Exercise data.
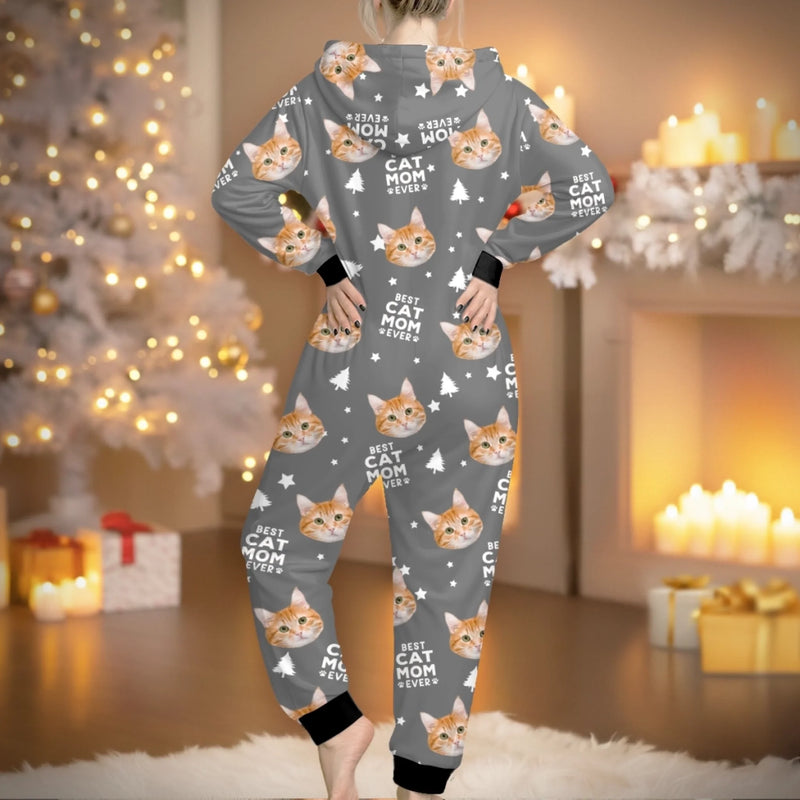 Custom Photo Adult Onesie - Personalized Christmas Birthday Gifts For Dog Lovers, Dog Moms - Best Dog Mom Vibes Only
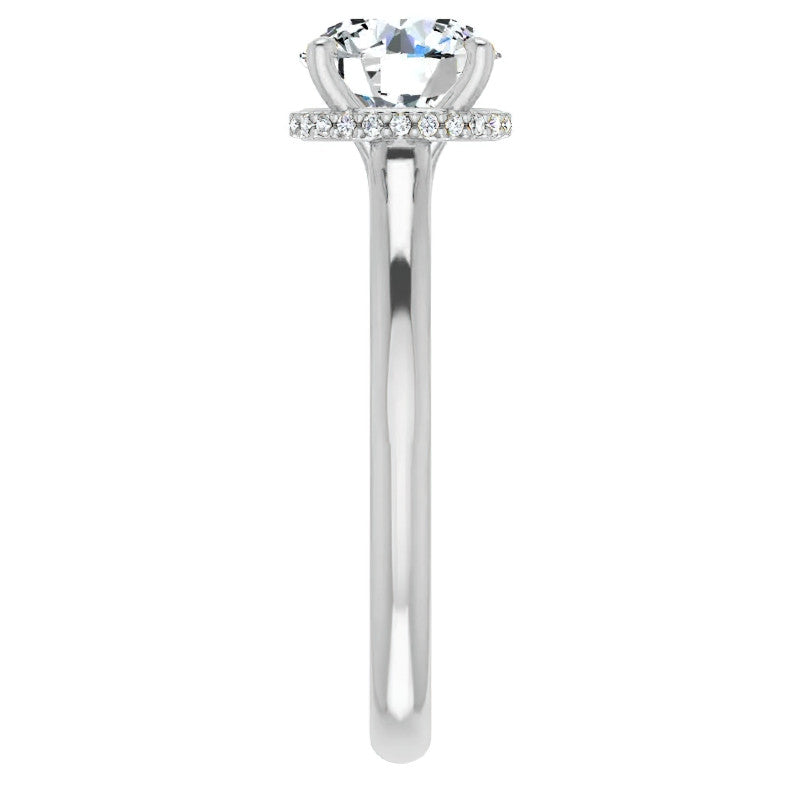 Round Brilliant Moissanite Cathedral Solitaire Ring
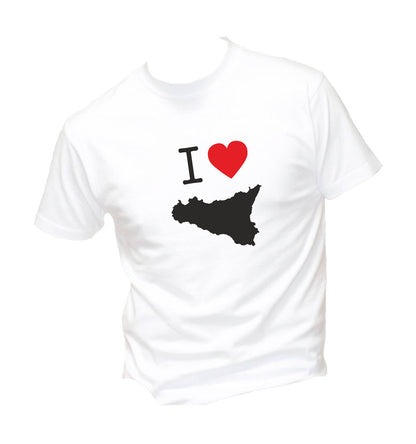 T-Shirt Uomo, Donna & Bambino - I LOVE SICILIA - Maglietta Maglia Tshirt Super vestibilità Top qualità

What the task asks. From the first line to the last, write out the data above exactly. Omit the pictures.

Finished task.
 Custom Photo Adult Onesie - Personalized Christmas Birthday Gifts For Dog Lovers, Dog Moms - Best Dog Mom Vibes Only
 Round Brilliant Moissanite Cathedral Solitaire Ring
 T-Shirt Uomo, Donna & Bambino - I LOVE SICILIA - Maglietta Maglia Tshirt Super vestibilità Top qualità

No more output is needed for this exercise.